Featuring Kodak Black & YG; Produced by D. Rich
Jizzle, Kodak Black, & YG on a track together makes sense. I don’t know if it should have been the album’s title track, but whatever. The production actually sounds like some you’d hear on a YG album. Speaking of YG, either I haven’t been paying attention or the last verses I’ve heard from him show improvement. Kodak Black’s high pitch on the other hand is getting more irritating by the day.
This is one of those song where it’s okay but should have been better with the features alone. That happens a lot in rap music.
10. Like Them
Featuring Tory Lanez & Rick Ross; Produced by Neenyo, Tone Mason, Frank Dukes, & Chigz
Time for me to be honest: I don’t fuck with Tory Lanez’s music. I’ve tried. But now every time I hear his music or see him as a feature, my eyes glaze over. So that’s what I’m working with as Tory does the hook on “Like Them”. For that reason alone, I don’t like this song.

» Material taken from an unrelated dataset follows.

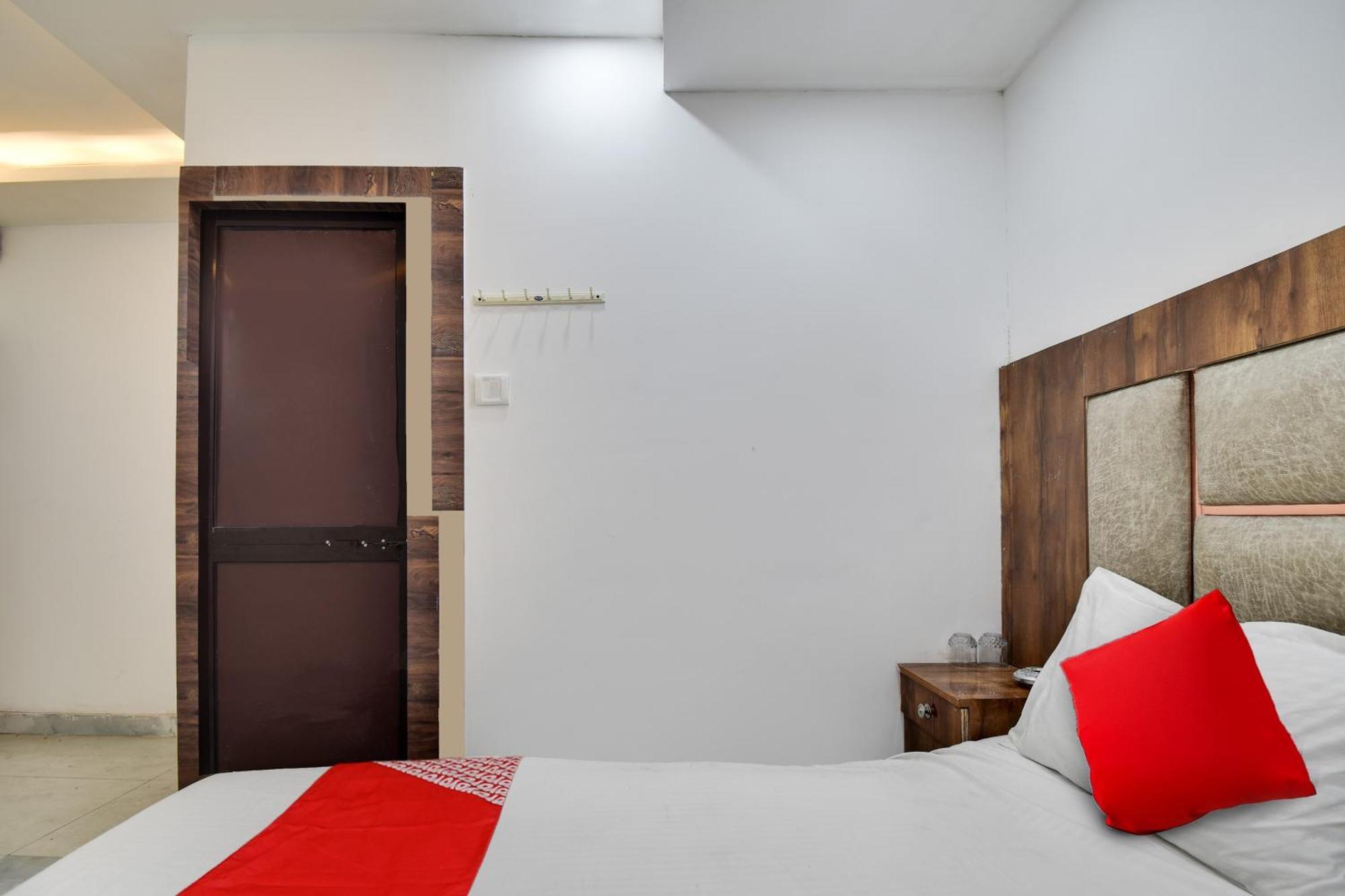 Hotel O Golden King New Delhi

Besides that, this feels like a Rick Ross track. From the hook to the production, you could have told me this was Rozay featuring Jeezy and I would’ve believed it. Maybe that’s what it was originally.
11. The Life
Featuring WizKid & Trey Songz; Produced by Cardiak & Frank Dukes
You know another thing I don’t like? When rappers have multiple singers on one song when one could have done the job. Like what 2 Chainz did with “It’s A Vibe” or Busta Rhymes with “Decision”. That’s what happens on “The Life”. Why is WizKid and Trey Songz sharing a hook when I can barely tell them apart?

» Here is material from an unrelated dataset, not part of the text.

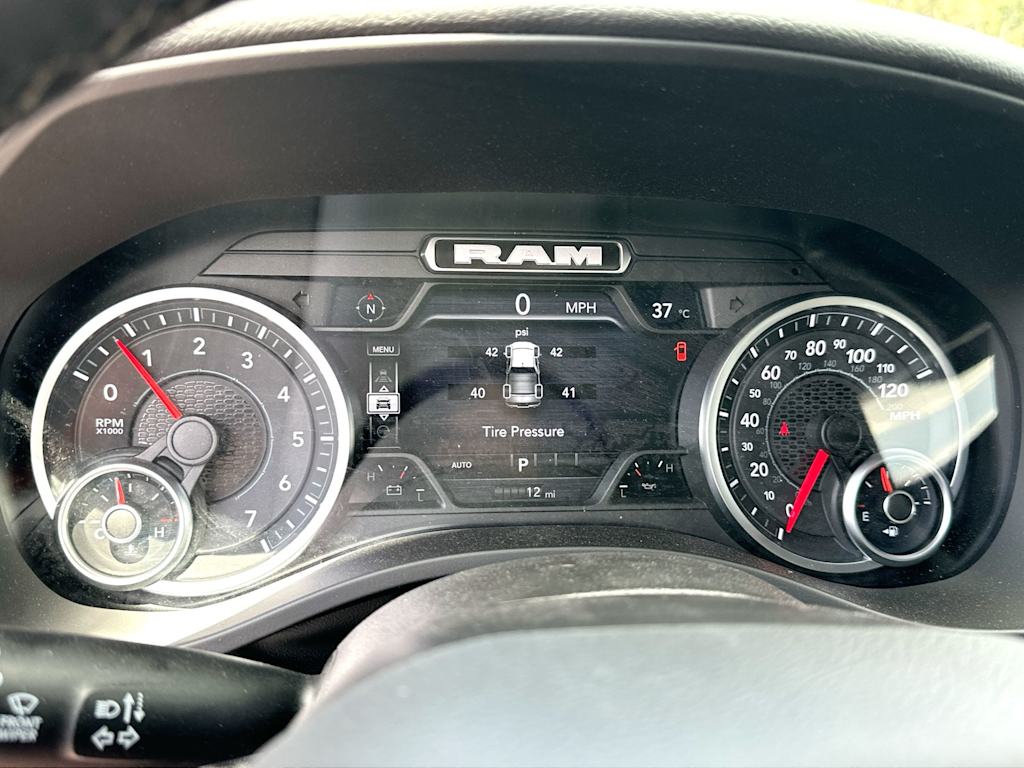 Thumbnail: 2026 RAM 1500 - 14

“The Life” is probably a song for the ladies. Not to the point where Jeezy is catering to them with the lyrics, but the mellow beat and hook (“Livin’ that good life!”) is ready to be played in the background as your favorite Instagram model stares into her camera and lip syncs to it.
12. American Dream
Featuring J. Cole & Kendrick Lamar; Soundsmith Productions
Jeezy ain’t stupid. It’s a reason he put out the Pressure tracklist early with the features listed and placed this track towards the end of the album. The Hip-Hop world has been demanding that promised collaboration album by Cole & K.Dot and “American Dream” is probably the closest we’re gonna get for a while. It’s a good song. The choice in production was a good pick for these rappers to connect on. And even though King Jerm thinks that Jeezy sounds out of place here, it shows what other rappers think about him that this song was actually made.

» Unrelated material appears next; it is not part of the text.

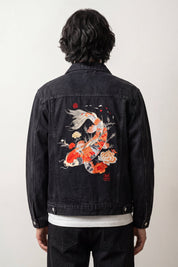 Japanische Jeansjacke schwarz mit besticktem Koi-Karpfen und Pfingstrosen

On some Hip-Hop shit though? Why didn’t Kendrick turn in a full verse? This look even crazier after hearing Cole’s great verse (“I just drop a gem or two within a few verses I sing”). According to Jeezy, everybody knew the other person would be on the track. I wonder.
13. Snow Season
Produced by P.C.
As we get closer to the credits, Jeezy reminds us that it’s in fact Snowman season. And to his credit, he leaves the same way he came in:
I got three or four baddies with me
And I swear that them bitches ain’t leavin’
Know two or three niggas that switched up
That’s a charge, ya’ll fucked up for treason
Took a hundred thousand dollars out the safe
Blow it all for no muthafuckin’ reason
Pull up on the whole world with the top down
Middle finger, yeah bitch, it’s snow season
Jeezy rides off counting money while motivating his followers over a sound system ready production. It’s always good to end things on a high note and that’s the way The Snowman ends Pressure.
On this outing Jeezy doesn’t reinvent the wheel in terms of what he has been releasing that in the past few years. That’s a great thing if you are a fan of this recent version of Jizzle. But if you were looking for a change in sound or even a rise in quality level, you probably won’t find it here. While this album may not boost the rapper’s career, there are enough standout moments on Pressure for Jeezy to safety declare another season of snow.